**Exercise description**
Print the listing in its entirety and exactly, leaving out images.

**Recorded data**
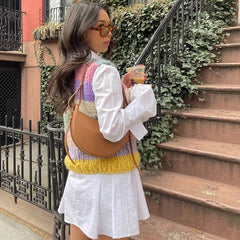  Woman wearing a Rainbow Striped Knitted Sleeveless Sweater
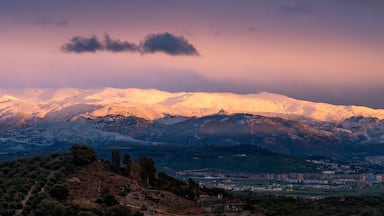 Una cordillera nevada al atardecer con un pueblo en el valle.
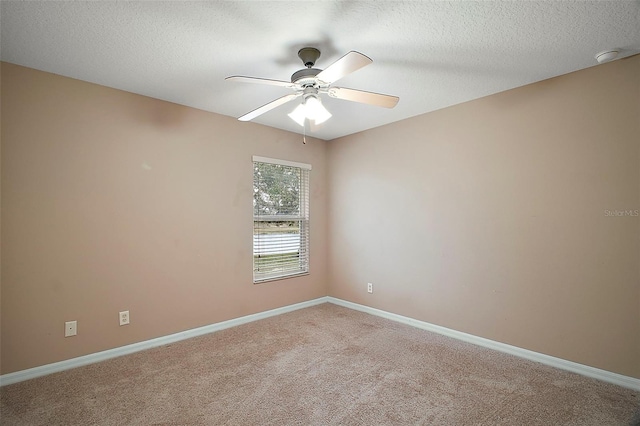 carpeted spare room featuring a textured ceiling and ceiling fan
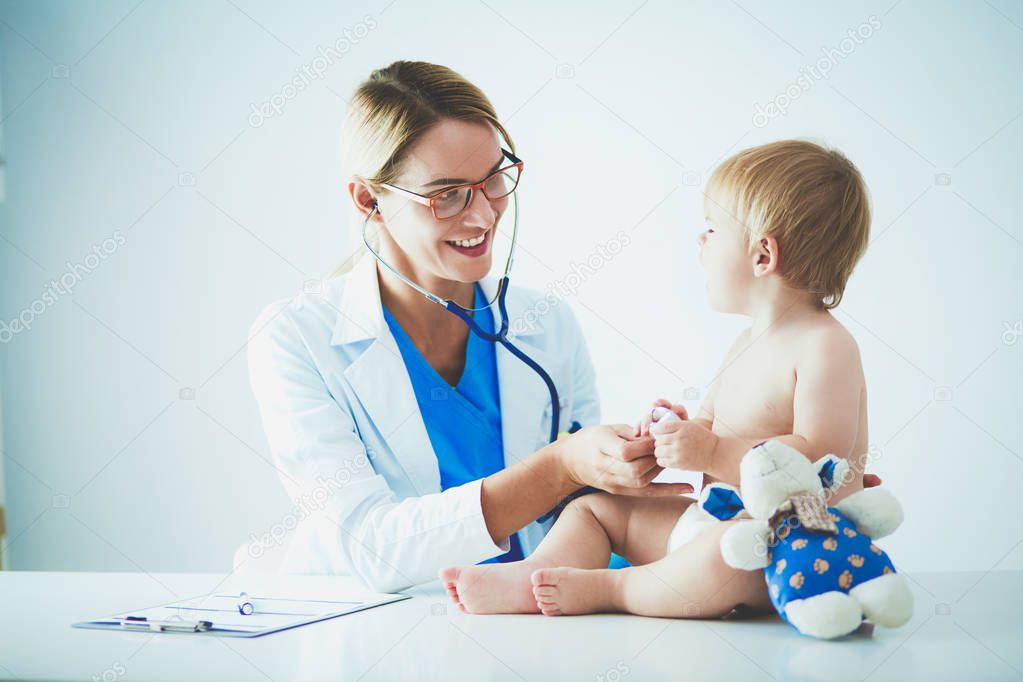 Female doctor is listening kid with a stethoscope in clinic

**Solved exercise**
  Woman wearing a Rainbow Striped Knitted Sleeveless Sweater
 Una cordillera nevada al atardecer con un pueblo en el valle.
 carpeted spare room featuring a textured ceiling and ceiling fan
 Female doctor is listening kid with a stethoscope in clinic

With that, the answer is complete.